From 8a6fde8213797df1acd24d4afb9ada0d005f6b1d Mon Sep 17 00:00:00 2001
From: Alexander Motin <mav@FreeBSD.org>
Date: Fri, 21 Jul 2023 14:50:48 -0400
Subject: [PATCH 20/24] Add explicit prefetches to bpobj_iterate().

To simplify error handling bpobj_iterate_blkptrs() iterates through
the list of block pointers backwards.  Unfortunately speculative
prefetcher is currently unable to detect such patterns, that makes
each block read there synchronous and very slow on HDD pools.

According to my tests, added explicit prefetch reduces time needed
to asynchronously delete 8 snapshots of 4 million blocks each from
20 seconds to less than one, that should free sync thread for other
useful work, such as async writes, scrub, etc.
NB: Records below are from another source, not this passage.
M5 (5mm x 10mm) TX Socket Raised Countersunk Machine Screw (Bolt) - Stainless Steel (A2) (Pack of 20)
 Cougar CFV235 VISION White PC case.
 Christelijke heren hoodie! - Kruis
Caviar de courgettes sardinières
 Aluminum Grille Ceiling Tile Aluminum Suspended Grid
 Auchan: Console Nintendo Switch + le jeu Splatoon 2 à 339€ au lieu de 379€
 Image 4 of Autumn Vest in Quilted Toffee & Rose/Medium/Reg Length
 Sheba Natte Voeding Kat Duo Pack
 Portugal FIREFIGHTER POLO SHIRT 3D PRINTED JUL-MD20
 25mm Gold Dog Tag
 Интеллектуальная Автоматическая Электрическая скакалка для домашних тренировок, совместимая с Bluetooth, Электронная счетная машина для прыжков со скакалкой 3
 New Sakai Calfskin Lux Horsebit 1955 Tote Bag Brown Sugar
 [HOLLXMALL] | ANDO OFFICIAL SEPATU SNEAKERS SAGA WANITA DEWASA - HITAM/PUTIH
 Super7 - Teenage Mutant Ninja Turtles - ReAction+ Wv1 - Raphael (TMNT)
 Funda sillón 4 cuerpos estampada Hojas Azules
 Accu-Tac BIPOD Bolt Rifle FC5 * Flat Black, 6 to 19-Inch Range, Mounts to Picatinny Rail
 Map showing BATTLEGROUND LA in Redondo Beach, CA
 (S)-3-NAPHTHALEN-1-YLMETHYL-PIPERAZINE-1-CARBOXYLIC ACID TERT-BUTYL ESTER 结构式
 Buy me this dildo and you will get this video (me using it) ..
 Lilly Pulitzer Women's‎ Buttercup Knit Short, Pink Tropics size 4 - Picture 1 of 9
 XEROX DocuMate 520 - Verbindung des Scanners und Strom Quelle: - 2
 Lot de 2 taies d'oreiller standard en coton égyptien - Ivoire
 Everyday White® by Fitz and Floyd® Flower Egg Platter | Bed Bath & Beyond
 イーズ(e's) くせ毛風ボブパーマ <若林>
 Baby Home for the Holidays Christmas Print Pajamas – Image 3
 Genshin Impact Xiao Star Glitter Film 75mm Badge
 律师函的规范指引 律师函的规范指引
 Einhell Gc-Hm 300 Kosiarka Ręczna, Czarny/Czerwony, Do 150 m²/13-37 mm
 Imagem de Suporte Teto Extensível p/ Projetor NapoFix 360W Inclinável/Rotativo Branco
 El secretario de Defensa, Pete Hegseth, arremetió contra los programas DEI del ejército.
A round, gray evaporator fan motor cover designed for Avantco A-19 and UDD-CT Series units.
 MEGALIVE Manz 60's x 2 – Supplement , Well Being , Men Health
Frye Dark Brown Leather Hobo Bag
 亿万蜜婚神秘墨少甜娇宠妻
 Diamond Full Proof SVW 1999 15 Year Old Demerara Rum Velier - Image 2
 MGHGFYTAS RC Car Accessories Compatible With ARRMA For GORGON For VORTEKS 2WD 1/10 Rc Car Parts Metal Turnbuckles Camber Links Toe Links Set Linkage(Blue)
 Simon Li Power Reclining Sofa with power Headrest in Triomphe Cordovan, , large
While there, plug one memory leak in case of bpobj_open() error and
harmonize some variable names.

Reviewed-by: Allan Jude <allan@klarasystems.com>
Reviewed-by: Brian Behlendorf <behlendorf1@llnl.gov>
Signed-off-by:	Alexander Motin <mav@FreeBSD.org>
Sponsored by:	iXsystems, Inc.
Closes #15071
---
 include/sys/bpobj.h |  2 +-
 module/zfs/bpobj.c  | 49 ++++++++++++++++++++++++++++++++++-----------
 2 files changed, 38 insertions(+), 13 deletions(-)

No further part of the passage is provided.